Exact copy, no pictures: return only the lines below from the line with "A relaxed chocolate" up to and including the line with "Sudadera oversized rosa".

GIVEN RECORDS

━━━━━━━━━━━━━━━━

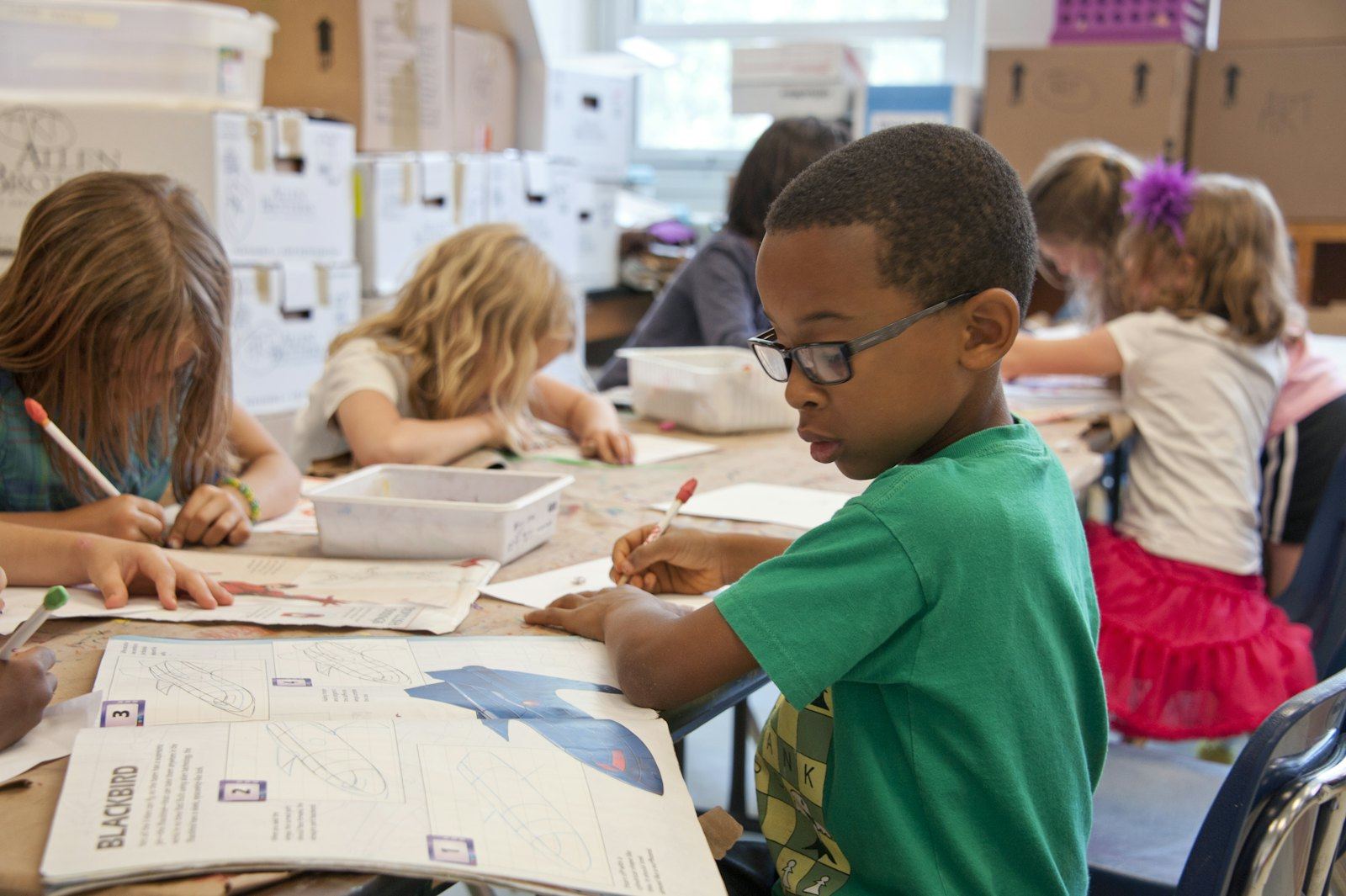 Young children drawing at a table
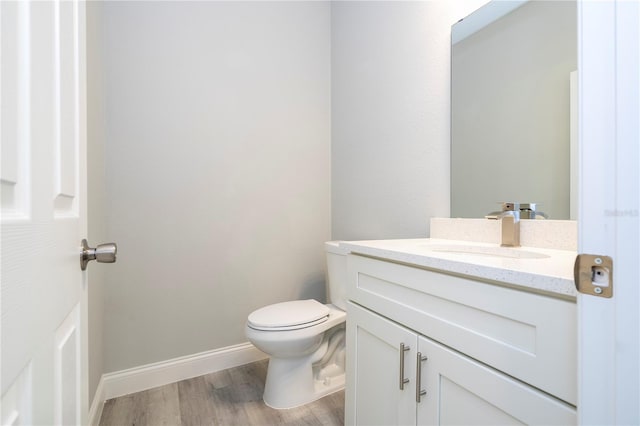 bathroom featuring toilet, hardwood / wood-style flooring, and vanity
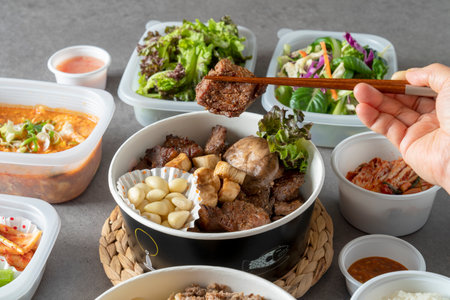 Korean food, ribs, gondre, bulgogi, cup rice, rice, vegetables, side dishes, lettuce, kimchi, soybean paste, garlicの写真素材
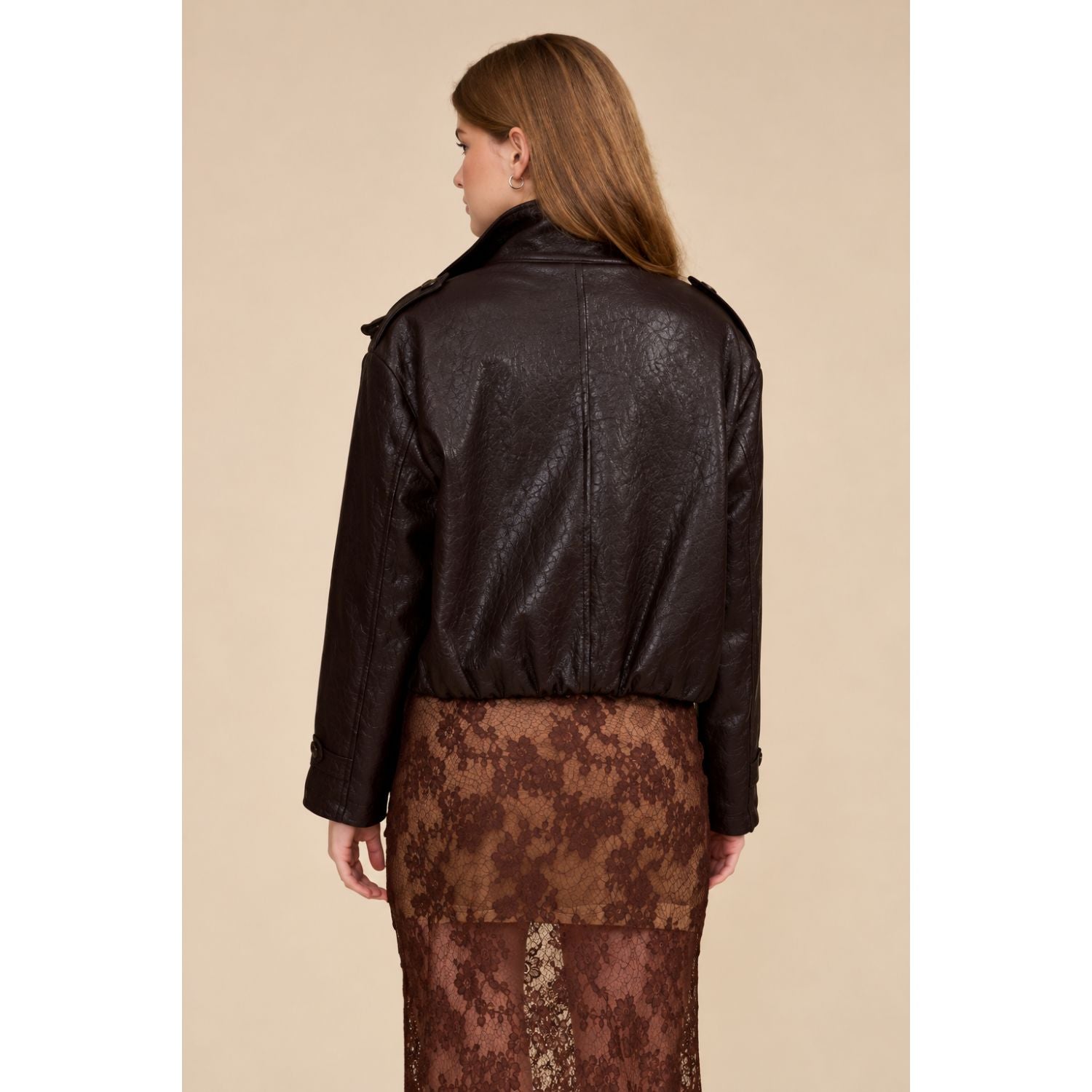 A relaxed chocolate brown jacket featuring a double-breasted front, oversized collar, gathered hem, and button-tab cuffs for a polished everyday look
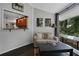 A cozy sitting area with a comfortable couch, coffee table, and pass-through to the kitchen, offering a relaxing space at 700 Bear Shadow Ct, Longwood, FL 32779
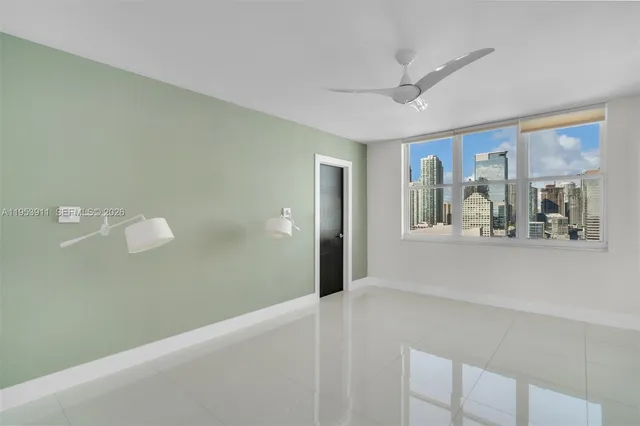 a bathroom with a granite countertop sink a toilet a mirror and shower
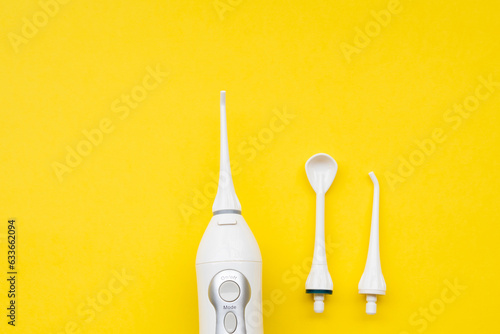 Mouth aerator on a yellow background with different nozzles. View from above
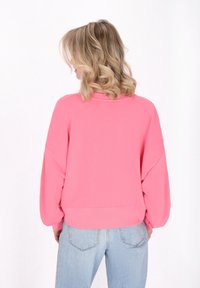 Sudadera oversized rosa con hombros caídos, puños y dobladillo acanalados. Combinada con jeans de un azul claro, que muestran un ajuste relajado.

━━━━━━━━━━━━━━━━

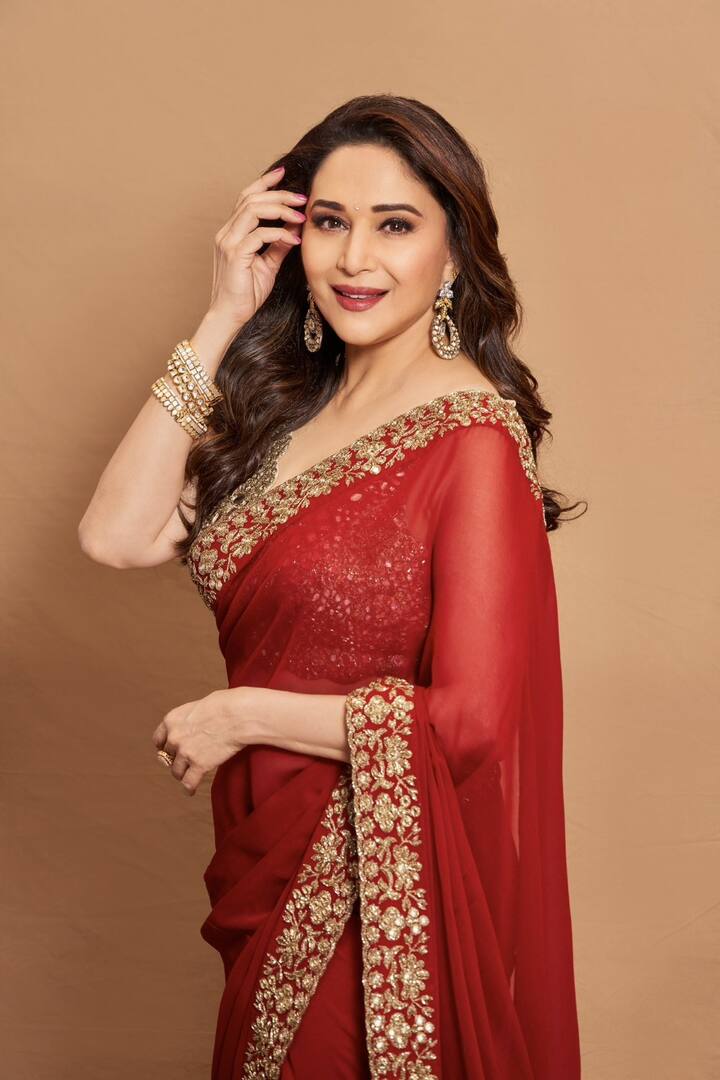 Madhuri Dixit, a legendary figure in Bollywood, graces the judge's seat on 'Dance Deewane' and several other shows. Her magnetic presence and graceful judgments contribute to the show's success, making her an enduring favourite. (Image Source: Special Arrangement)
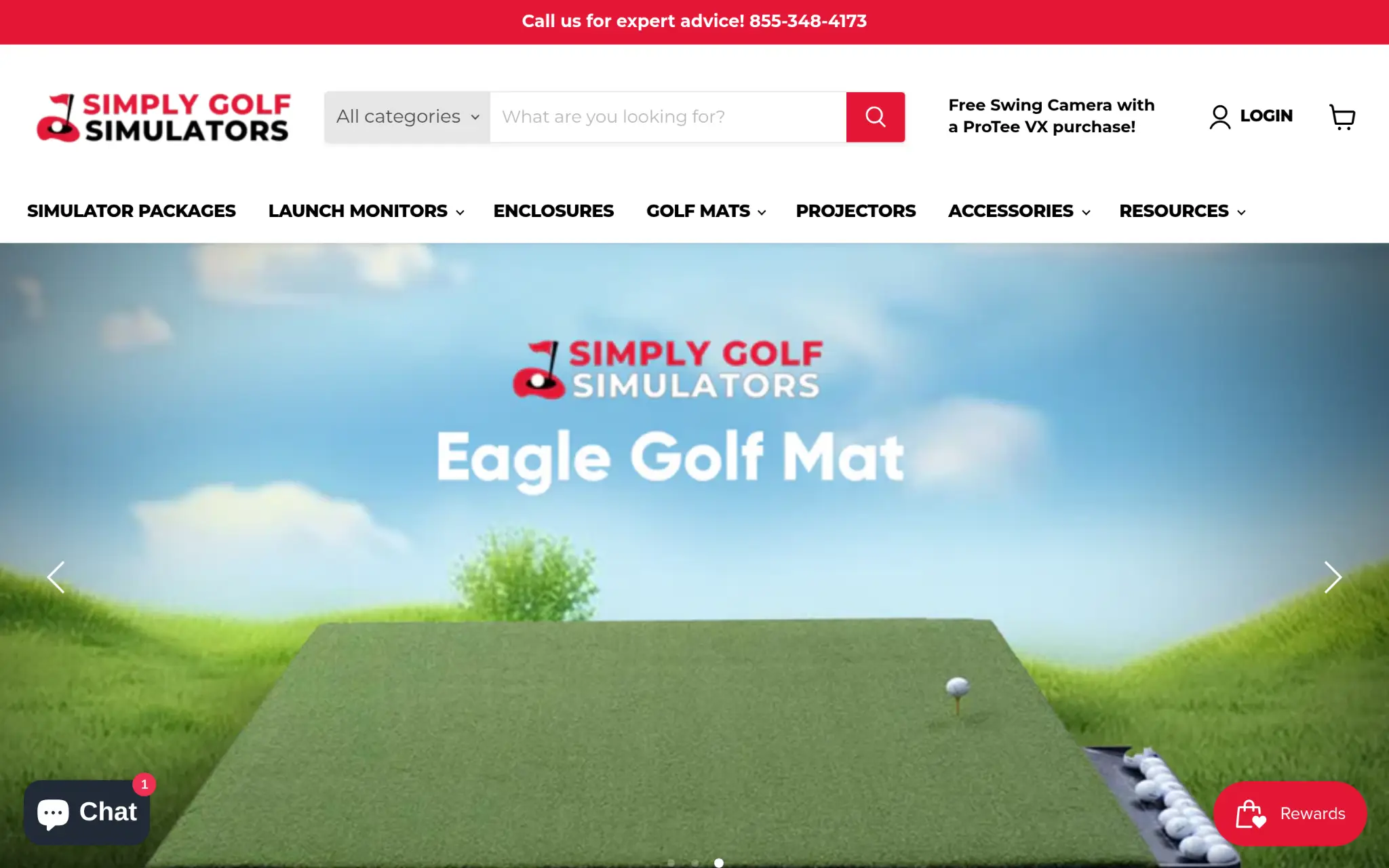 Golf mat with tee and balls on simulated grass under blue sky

━━━━━━━━━━━━━━━━

RESULT
 A relaxed chocolate brown jacket featuring a double-breasted front, oversized collar, gathered hem, and button-tab cuffs for a polished everyday look
 A cozy sitting area with a comfortable couch, coffee table, and pass-through to the kitchen, offering a relaxing space at 700 Bear Shadow Ct, Longwood, FL 32779
 a bathroom with a granite countertop sink a toilet a mirror and shower
 Mouth aerator on a yellow background with different nozzles. View from above
 Sudadera oversized rosa con hombros caídos, puños y dobladillo acanalados. Combinada con jeans de un azul claro, que muestran un ajuste relajado.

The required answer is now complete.